Ketua Banggar Said Abdullah mengatakan bahwa dinamika yang terjadi sekarang membuat pengelolaan keuangan negara cukup rentan mengalami shock.
Dalam penjelasannya, Said mengungkapkan beberapa faktor utama yang katalisator, seperti kenaikan harga komoditas energi, tekanan nilai tukar rupiah yang dipicu kebijakan moneter negara maju, lonjakan inflasi, hingga situasi geopolitik.
“Ini memiliki konsekuensi pada pada postur APBN dan menyebabkan kedaruratan pada APBN 2022,” ujarnya saat membuka rapat di Kompleks Parlemen pada Kamis, 19 Mei.
Menurut Said, perubahan terjadi pada sektor belanja negara yang harus dapat mengimbangi beban subsidi energi agar mampu menjaga daya beli masyarakat.
“Yang patut kita syukuri, penambahan beberapa pos belanja negara dapat kita penuhi dengan perkiraan pendapatan negara yang bertambah.
Pemerintah memperkirakan kenaikan pendapatan negara menjadi Rp2.266 triliun dari perencanaan semula pada APBN 2022 sebesar Rp1.846 triliun,” tuturnya.
Said menambahkan, naiknya pendapatan negara disumbangkan dari penerimaan pajak maupun PNBP atas kenaikan berbagai komoditas ekspor yang menjadi andalan, yaitu CPO dan batu bara.
“Melalui perubahan komposisi pendapatan dan belanja negara, puji syukur defisit APBN kita sebagaimana usulan pemerintah malah bisa lebih rendah, dari semula 4,85 persen PDB menjadi kisaran 4,3 sampai 4,5 persen PDB,” katanya.
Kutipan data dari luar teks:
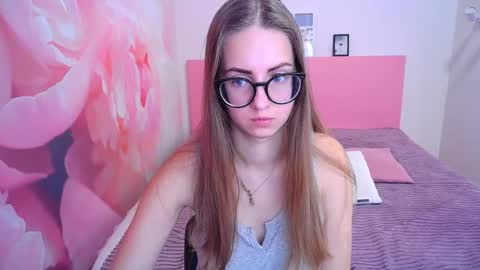 Snapshot of kristina_adel chatting on 3, 1, 2025 Kristina Adel online show from 3, 1, 2025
“Lebih rendahnya perubahan rencana defisit tahun 2022 ini makin memudahkan pemerintah softlanding ke posisi dibawah 3 persen PDB pada tahun depan,” sambung dia.
Dalam kesempatan yang sama, Menkeu Sri Mulyani memaparkan bahwa belanja negara diproyeksi naik Rp392,3 triliun dari sebelumnya Rp2.714,2 triliun menjadi Rp3.106,4 triliun.
Lonjakan tersebut utamanya dipicu karena peningkatan beban subsidi energi (BBM dan listrik) dari pagu awal Rp134 triliun untuk sepanjang tahun ini menjadi Rp208,9 triliun.
Perlu diingat bahwa angka ini belum termasuk dengan nilai pemberian kompensasi energi.
Maka, apabila subsidi dan kompensasi digabung didapati nilai outlook beban mencapai Rp443,6 triliun. Padahal alokasi di awal tahun hanya sebesar Rp152,5 triliun.
“Meningkatnya harga minyak dan tidak ada kebijakan penyesuaian harga menyebabkan beban subsidi dan kompensasi naik signifikan,” ujar Menkeu Sri Mulyani.